Input data:

+--

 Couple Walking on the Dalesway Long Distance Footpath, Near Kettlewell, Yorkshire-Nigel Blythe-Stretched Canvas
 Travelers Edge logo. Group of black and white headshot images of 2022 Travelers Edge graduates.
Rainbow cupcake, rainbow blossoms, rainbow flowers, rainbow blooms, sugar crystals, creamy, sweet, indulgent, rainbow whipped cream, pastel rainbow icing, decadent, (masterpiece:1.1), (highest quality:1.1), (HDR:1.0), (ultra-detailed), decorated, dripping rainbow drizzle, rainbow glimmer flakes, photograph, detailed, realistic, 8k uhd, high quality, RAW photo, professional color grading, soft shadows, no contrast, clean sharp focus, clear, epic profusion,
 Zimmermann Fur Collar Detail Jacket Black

+--

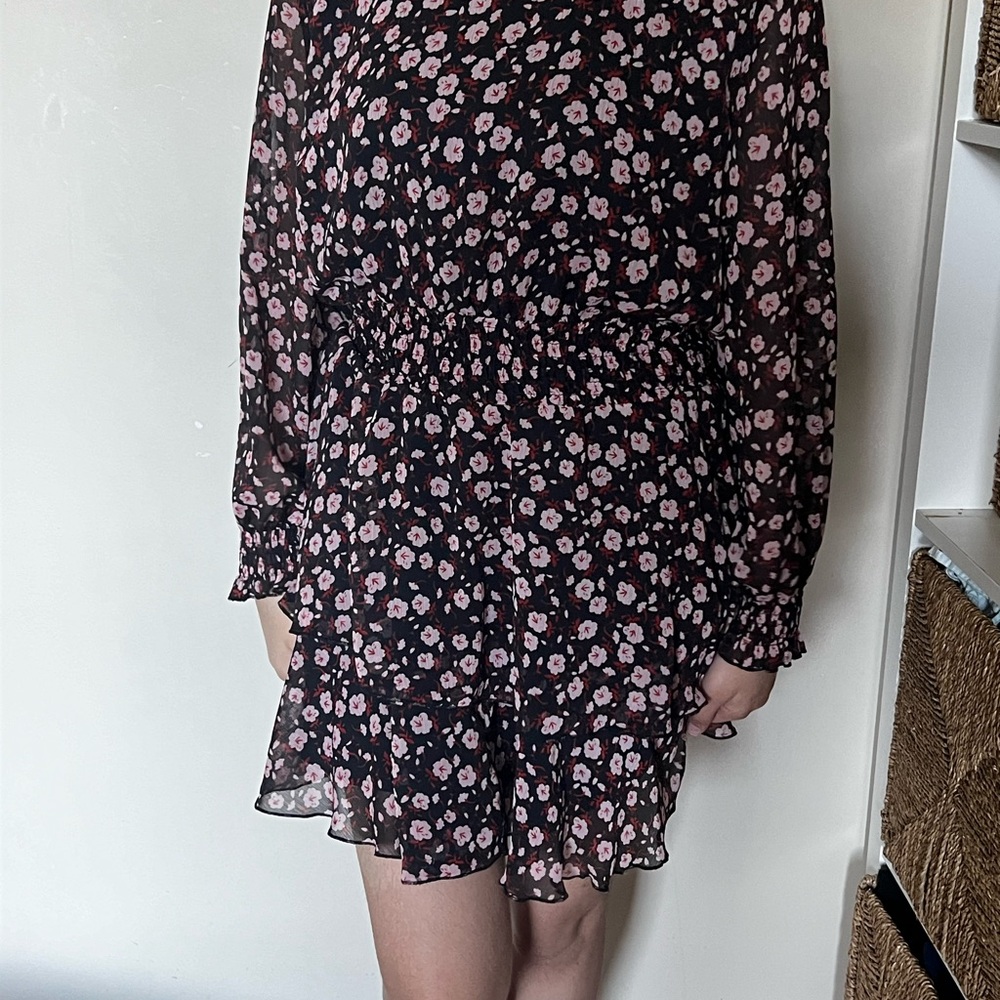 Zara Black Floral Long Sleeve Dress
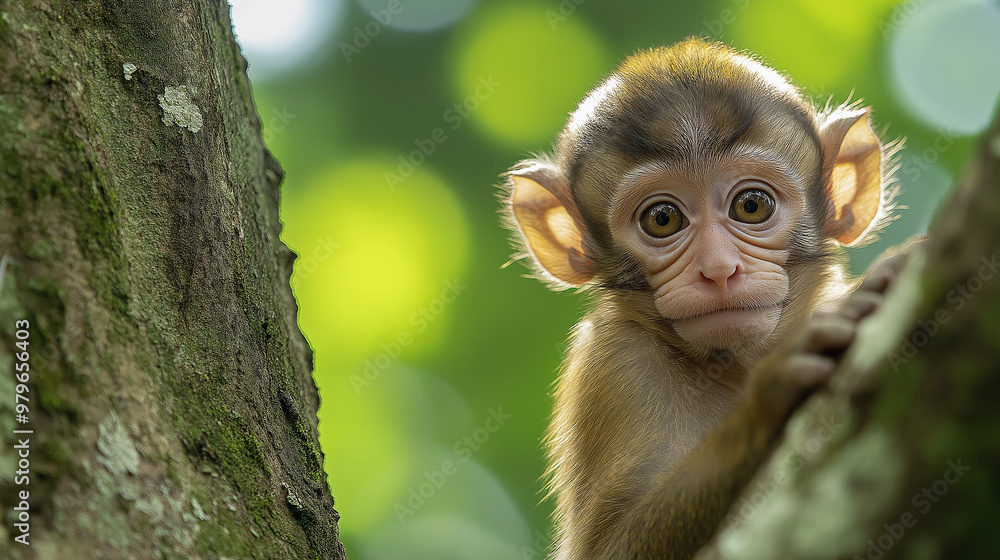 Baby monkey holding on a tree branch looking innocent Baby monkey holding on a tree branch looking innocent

+--

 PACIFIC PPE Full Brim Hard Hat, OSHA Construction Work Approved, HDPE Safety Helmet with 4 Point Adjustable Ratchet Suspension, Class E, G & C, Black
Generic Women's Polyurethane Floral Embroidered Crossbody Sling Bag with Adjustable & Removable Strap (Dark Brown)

+--

Task statement:
The reply should hold only the lines of the listing above starting at the line containing "Travelers Edge logo." and ending at the line containing "Zimmermann Fur Collar Detail Jacket Black", exactly as written.

Completed task:
 Travelers Edge logo. Group of black and white headshot images of 2022 Travelers Edge graduates.
Rainbow cupcake, rainbow blossoms, rainbow flowers, rainbow blooms, sugar crystals, creamy, sweet, indulgent, rainbow whipped cream, pastel rainbow icing, decadent, (masterpiece:1.1), (highest quality:1.1), (HDR:1.0), (ultra-detailed), decorated, dripping rainbow drizzle, rainbow glimmer flakes, photograph, detailed, realistic, 8k uhd, high quality, RAW photo, professional color grading, soft shadows, no contrast, clean sharp focus, clear, epic profusion,
 Zimmermann Fur Collar Detail Jacket Black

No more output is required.